6 Then I said, "Ah, Lord GOD! Behold, I do not know how to speak, for I am only a youth."
7 But the LORD said to me, "Do not say, 'I am only a youth'; for to all to whom I send you you shall go, and whatever I command you you shall speak.
8 Be not afraid of them, for I am with you to deliver you, says the LORD."
God was telling ME that I was NOT too young and that He had plans for me to spread His word to other nations. But I was still too shy and afraid, so I put that scripture away. 


Our family became missionaries the next year, we were sent to the Philippines to preach the Gospel and serve the poor. I enjoyed serving the people in Malaybalay through home visits and work projects. But I was still too shy and afraid to do what God was calling me to do. I still thought I was too young. 

Last year while we were back in the states waiting for my brother Luke to be born, Isaac and I went back to Mexico for a short term mission trip. God reminded me on the way of the scripture from Jeremiah that he had given me on my last visit to Mexico. I knew that He was telling me that I was not too young and was going to have to share when asked. I did share my testimony and our family's testimony a few times to individuals and to groups. God helped me just as He promised Jeremiah. 

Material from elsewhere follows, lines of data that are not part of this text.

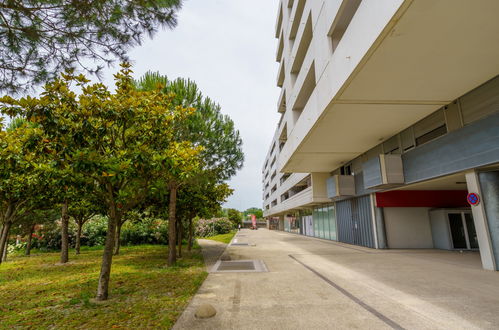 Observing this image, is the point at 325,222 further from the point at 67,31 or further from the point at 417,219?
the point at 67,31

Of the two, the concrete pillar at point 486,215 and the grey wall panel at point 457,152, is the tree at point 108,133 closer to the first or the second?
the grey wall panel at point 457,152

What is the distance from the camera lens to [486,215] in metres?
7.79

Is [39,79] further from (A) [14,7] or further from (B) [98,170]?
(B) [98,170]

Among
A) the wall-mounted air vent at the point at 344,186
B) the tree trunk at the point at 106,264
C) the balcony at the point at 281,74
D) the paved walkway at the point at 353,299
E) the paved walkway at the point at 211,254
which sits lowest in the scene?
the paved walkway at the point at 211,254

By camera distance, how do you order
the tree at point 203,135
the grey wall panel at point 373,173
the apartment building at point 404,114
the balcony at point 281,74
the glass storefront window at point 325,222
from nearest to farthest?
the apartment building at point 404,114 → the tree at point 203,135 → the grey wall panel at point 373,173 → the balcony at point 281,74 → the glass storefront window at point 325,222

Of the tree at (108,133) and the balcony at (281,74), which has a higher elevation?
the balcony at (281,74)

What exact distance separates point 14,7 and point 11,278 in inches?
361

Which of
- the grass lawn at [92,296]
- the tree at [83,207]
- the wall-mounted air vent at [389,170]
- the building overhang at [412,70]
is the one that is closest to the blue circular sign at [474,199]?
the building overhang at [412,70]

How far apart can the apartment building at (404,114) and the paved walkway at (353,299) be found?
2.94m

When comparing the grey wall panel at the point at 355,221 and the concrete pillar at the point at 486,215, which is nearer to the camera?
the concrete pillar at the point at 486,215

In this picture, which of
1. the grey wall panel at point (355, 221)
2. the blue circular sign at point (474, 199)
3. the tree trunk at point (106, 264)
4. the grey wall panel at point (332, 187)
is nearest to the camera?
the tree trunk at point (106, 264)

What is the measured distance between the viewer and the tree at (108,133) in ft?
15.5

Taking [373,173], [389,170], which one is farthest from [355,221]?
[389,170]

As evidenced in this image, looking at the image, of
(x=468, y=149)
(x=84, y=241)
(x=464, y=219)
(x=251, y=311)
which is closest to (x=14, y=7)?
(x=251, y=311) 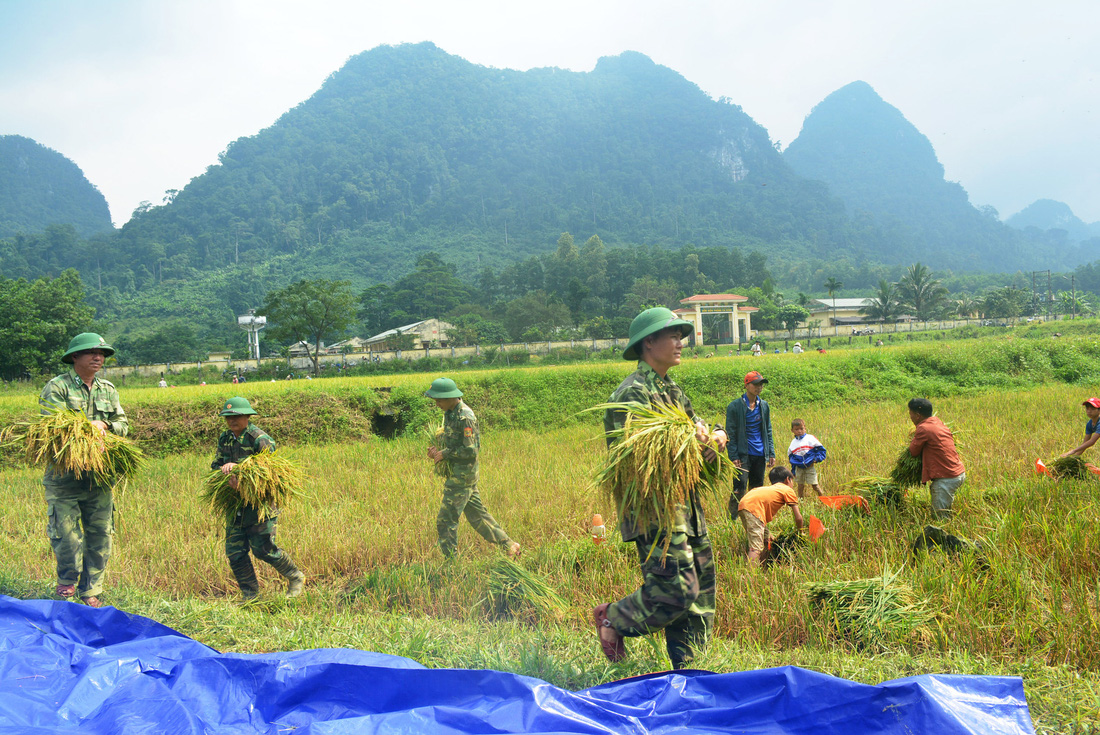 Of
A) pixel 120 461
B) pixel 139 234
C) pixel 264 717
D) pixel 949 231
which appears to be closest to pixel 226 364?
pixel 120 461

A few months later, God made it possible for me to go back to Mexico without any of my family with me. I was asked to help lead one of the groups, I was nervous at first, but those verses from Jeremiah came back to remind me that God was sending me to the nations to spread His message and that He would give me the words. And He did. 

When our family came back to the Philippines last year, I tried to overcome my fear and shyness and share my faith with others. And in doing this I made many new friends here that I would not have met if I ignored God's call. 

Always remember that you are never too young to follow God's will. 

Power of Prayer by Olivia

This is a personal testimony about the power of prayer that our 13 year old daughter shared as her final message to her peers at our weekly praise and worship gathering in Camiguin, Philippines. 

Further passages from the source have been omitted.